But now mad radicalism has struck the City and, in a welter of excuses about efficiency, they announced the acceptability of black ties just in time to let Kenneth Clarke of all people off the hook at the Mansion House. I fear this signals that the British Establishment hopes it might be possible to buy off with feeble concessions the puritan Labour tendency.

I wish to make it clear to Tony Blair that he has absolutely no chance of getting my vote unless he commits new Labour to preserving our flummery intact. I expect it's only a matter of time.

I'm delighted that the daily postcard from the Institute of Contemporary Arts, giving you an insight into the thinking of the avant-garde, is so apposite. Called "Untitled, 1981", it shows seven chaps kitted out festively in morning dress: six are laughingly pushing around the one in the middle. The legend reads "YOU CONSTRUCT INTRICATE RITUALS WHICH ALLOW YOU TO TOUCH THE SKIN OF OTHER MEN."

Elves are bursting with topical verse. Andrew Boyd offers:

Too bad about Marmaduke

Hussey

And his birthday honours

award

He was riding high as the

BBC's duke

But now he'll be merely a

lord.

And William Hazell:

Yasuo Hamanaka ("Mr

Copper")

came a cropper.

The reason?

Trying to go one better

than Nick Leeson.

From the Department of Swings and Roundabouts: On Saturday I read that boys from Christ Church Cathedral School are upset because the evangelical Reverend David Marshall, the chaplain of Exeter College, is seeking to replace them in the college choir with female undergraduates.

On Sunday, at a Bloomsday lunch, there was a reading from James Joyce's The Dead which included the following: "I know all about the honour of God, Mary Jane, but I think it's not at all honourable for the pope to turn the women out of the choirs that have slaved there all their lives and put little whipper-snappers of boys over their heads. I suppose it is for the good of the Church, if the pope does it. But it's not just, Mary Jane, and it's not right."

Department of Constructive Criticism! I am used to being told that my hair is in disarray, but what finally forced me to have it cut was my friend Mairin's comment that I was beginning to look like Benjamin Franklin in a high wind.

For those of you who missed yesterday's column, you have until Wednesday night to fax me at 0181-932 4629 a limerick beginning "The chief delectation of summer". There will be a bottle of pink champagne for the winner.
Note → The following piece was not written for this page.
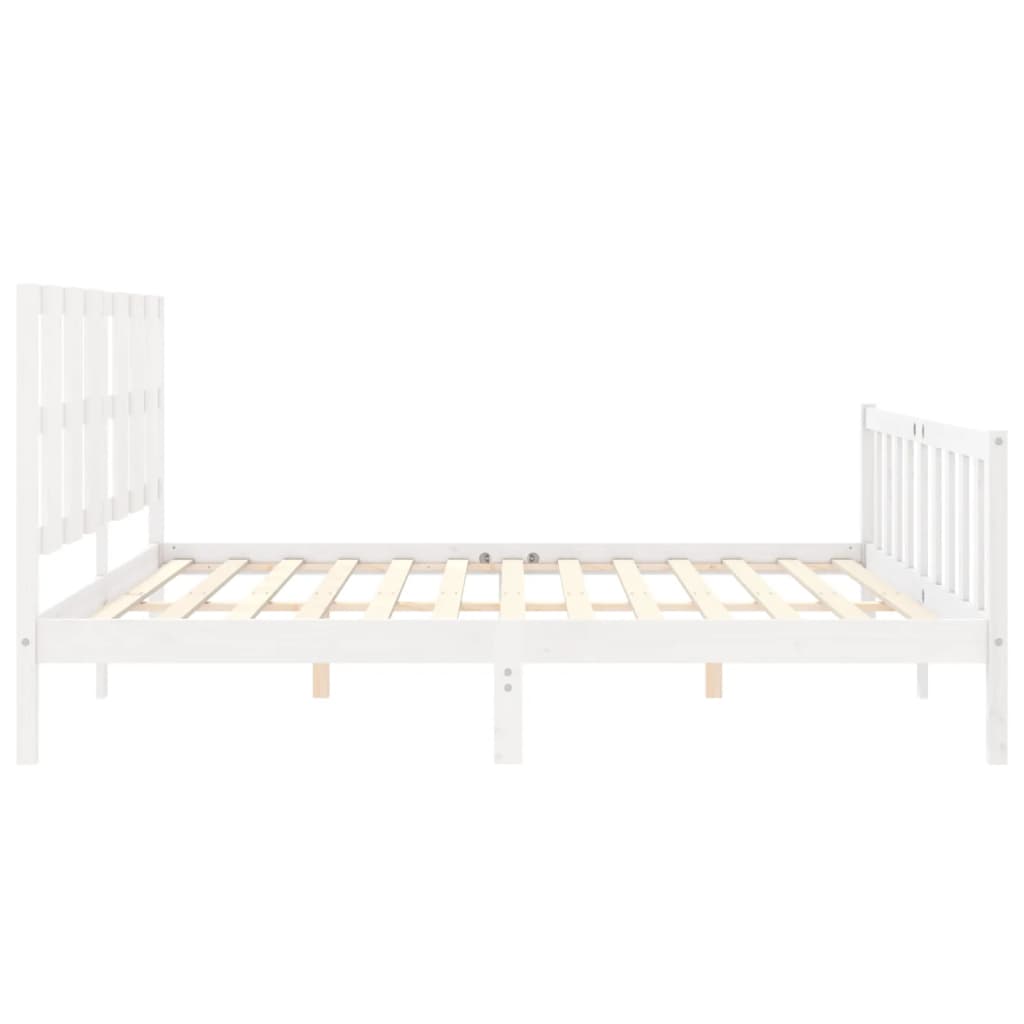 Bedframe met hoofdbord massief hout wit 180x200 cm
Waiting my turn in a make-up studio on Sunday (yes, I know that sounds grand, but it was a just prelude to pronouncing on something late at night for about three minutes), I was riffling through the News of the World when I learned that a well known "TV chef" was "enjoying secret sizzling nights of passion with a sausage-maker's daughter." I read this to the veteran PA correspondent, Chris Moncrieff, then undergoing powdering. He responded: "She was only a sausage-maker's daughter, but she..." I would be delighted to receive, any endings that occur to you, though I expect they will be unsuitable for inclusion in this - or indeed any - respectable column.